Rambles around computer science

Diverting trains of thought, wasting precious time

Mon, 10 Oct 2022

Understanding C99 inlines

For a long time I struggled to remember the rules for using inline in C. I think I've cracked it now, though. As often with C, the trick is to think about how it's implemented.

It doesn't help that in C++, the programmer-facing semantics of inline are much more straightforward. If you want to hint that a function should be inlined, put inline (or, for a member function, define it within its class).

inline int foo() { return 42; } // this is C++, not C!

The toolchain takes care of the rest. That's because C++ implementations demand a smarter linker that can provide “link once” semantics, sometimes called COMDAT, for inline functions.
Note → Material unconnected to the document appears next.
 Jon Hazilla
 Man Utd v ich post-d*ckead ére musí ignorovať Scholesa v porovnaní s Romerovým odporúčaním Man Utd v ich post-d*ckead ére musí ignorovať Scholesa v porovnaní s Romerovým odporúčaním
Each compilation output includes its own out-of-line copy of the function, and all but one are later thrown away by the linker.

In C99 and later, inline has been specified, but in such a way that the linker need not support COMDAT. The resulting rules are a bit weird—they care about cases where we have multiple declarations of the function, and whether we use inline and extern consistently across each of them. We can still write things like this....

inline int foo() { return 42; } // also C! but semantics different from C++...

... but what they mean is different than in C++. In what follows, I'll dig into this in rather too much detail.

C inlining

The meaning of our snippet above is valid C, but its meaning varies depending on what else appears in the same translation unit. To quote from the C11 spec....

If a function is declared with an inline function specifier, then it shall also be defined in the same translation unit. If all of the file scope declarations for a function in a translation unit include the inline function specifier without extern, then the definition in that translation unit is an inline definition. An inline definition does not provide an external definition for the function, and does not forbid an external definition in another translation unit. An inline definition provides an alternative to an external definition, which a translator may use to implement any call to the function in the same translation unit. It is unspecified whether a call to the function uses the inline definition or the external definition.

The above is telling us that if I write

inline int foo();
inline int foo() { return 42; } // also C! but semantics different from C++...

... it's different from

int foo();
inline int foo() { return 42; } // also C! but semantics different from C++...

... and perhaps also different from the following.

extern inline int foo();
inline int foo() { return 42; } // also C! but semantics different from C++...

There is a logic to all this. If we write inline in a function's declaration in a given compilation unit, it's reasonable that we have to provide a definition for it too. We can't inline something if there's no definition. The question is whether that definition is also emitted for out-of-line use. In C++ the answer is “always, although it may get thrown away later”. In C the answer is “it depends on what is declared”.

We can have one or more declarations for the function in the translation unit. Let's consider two cases. First, there's the case where we always put inline on the prototype. That means none of the declarations can be mistaken for a normal externally-visible function. And hey presto, this does indeed mean that such a compilation unit “does not provide an external definition for the function”. The definition we provide is only for inlining.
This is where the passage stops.